In the peripheral nervous system, electroacupuncture signals decrease the expression of P2X3 receptors, inhibit their activation and suppress their sensitization. On the other hand, electroacupuncture signals promote the degradation of ATP to adenosine, which may accumulate during electroacupuncture treatment and dampen pain in part by the activation of A1 receptors on the sensory afferents in ascending nerve tracts. At the same time, electroacupuncture signals promote trafficking of the A1 receptor to the cell surface and elevate the sensitization of A1 receptors to adenosine. In the central nervous system, electroacupuncture signals may modulate the release of adenosine and ATP, and increase the expression of the A1 receptor. Meanwhile, the activation of A1 receptors by adenosine may be enhanced by electroacupuncture treatment (Figure 1). Furthermore, if the synergistic effect of purinergic A1 and P2X3 receptors in electroacupuncture analgesia can be demonstrated experimentally, this may help to elucidate the possible molecular mechanisms that underpin adenosine and ATP receptors.

Figure 1

Effect of electroacupuncture (EA) signals on adenosine and adenosine 5’-triphosphate disodium (ATP) receptors within the peripheral nervous system and central nervous system (CNS) in rats with neuropathic pain.

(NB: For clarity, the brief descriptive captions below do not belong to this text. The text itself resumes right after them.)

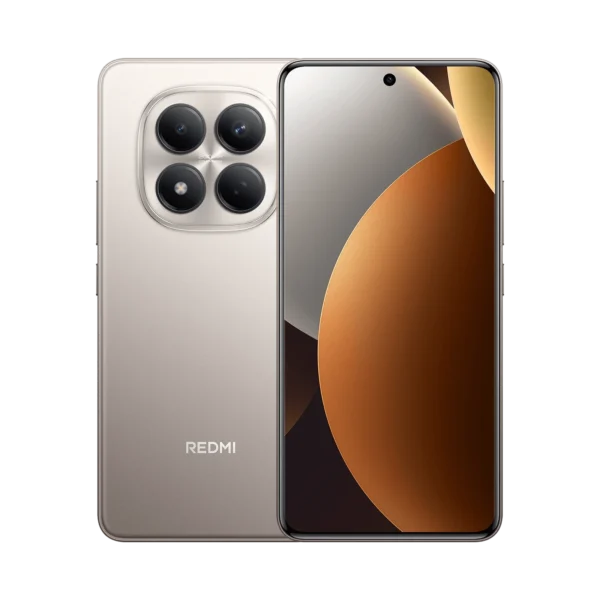 REDMI Note 15 Pro - Xiaomi Abidjan la boutique Xiaomi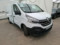 preview Renault Trafic #3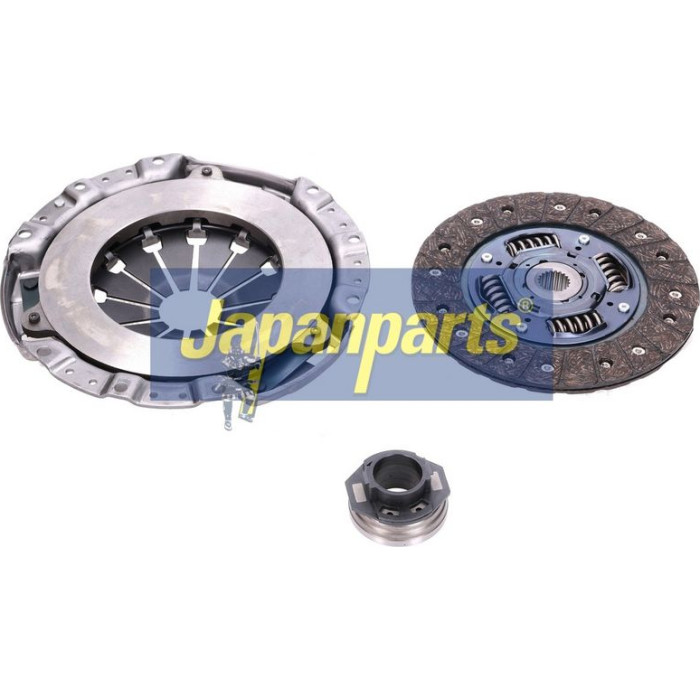 Japanparts Kupplungssatz KF-K30 Japanparts Kupplungssatz KF-K30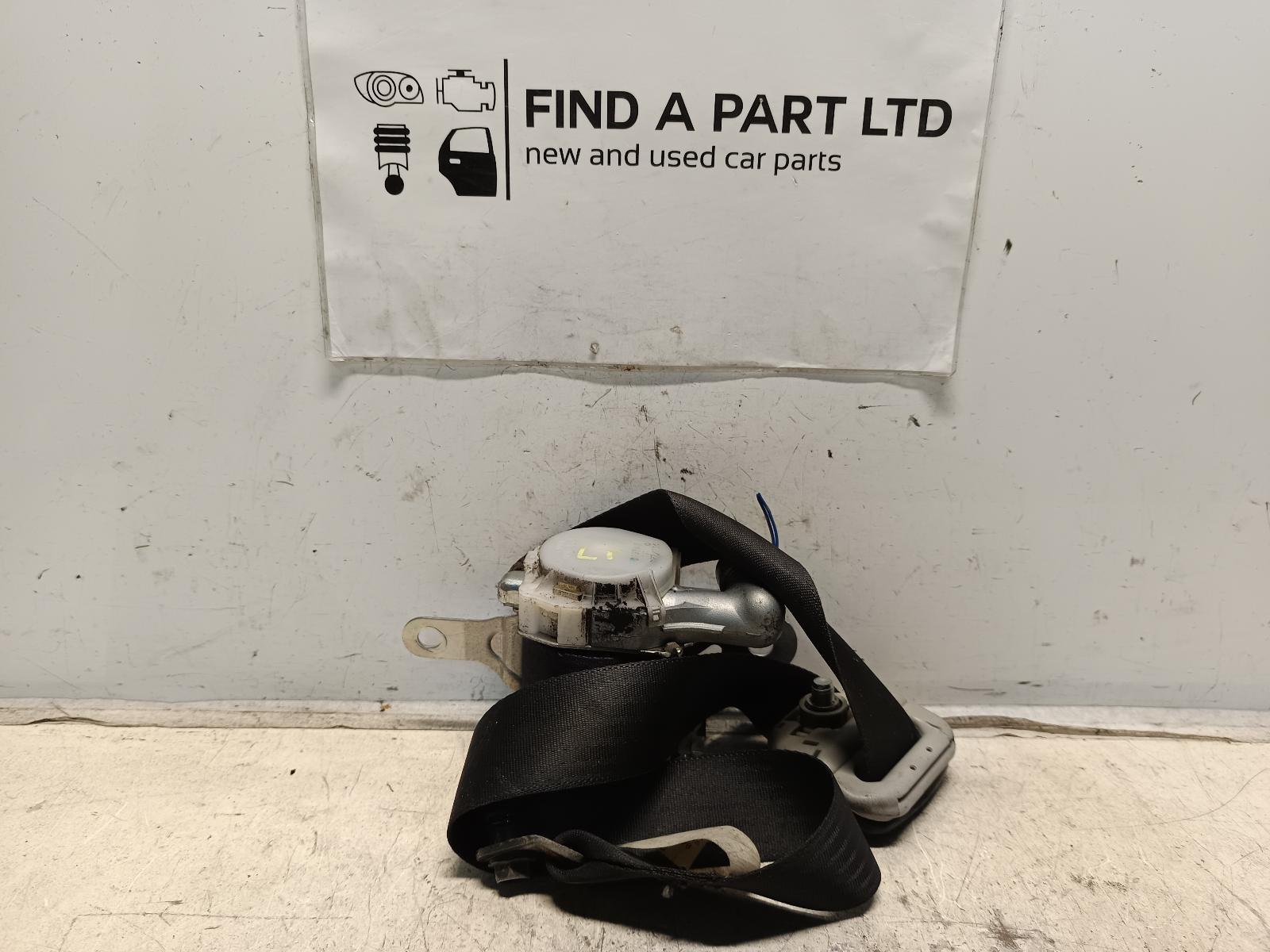 View Auto part Seatbelt/Stalk SUZUKI SWIFT 2007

In the peripheral nervous system, EA signals decrease the expression of P2X purinoceptor 3 (P2X3) receptors and suppress their sensitization. EA signals promote the degradation of ATP to adenosine, which may accumulate during EA treatment and diminish pain in part by the activation of A1 receptors. At the same time, EA signals promote trafficking of the A1 receptor to the cell surface and elevate the sensitization of A1 receptors to adenosine.

In the CNS, EA signals may modulate the release of adenosine and ATP and increase expression of the A1 receptor. At the same time, activation of A1 receptors by adenosine may be enhanced by EA signals.

ADP: Adenosine diphosphate; AMP: adenosine monophosphate.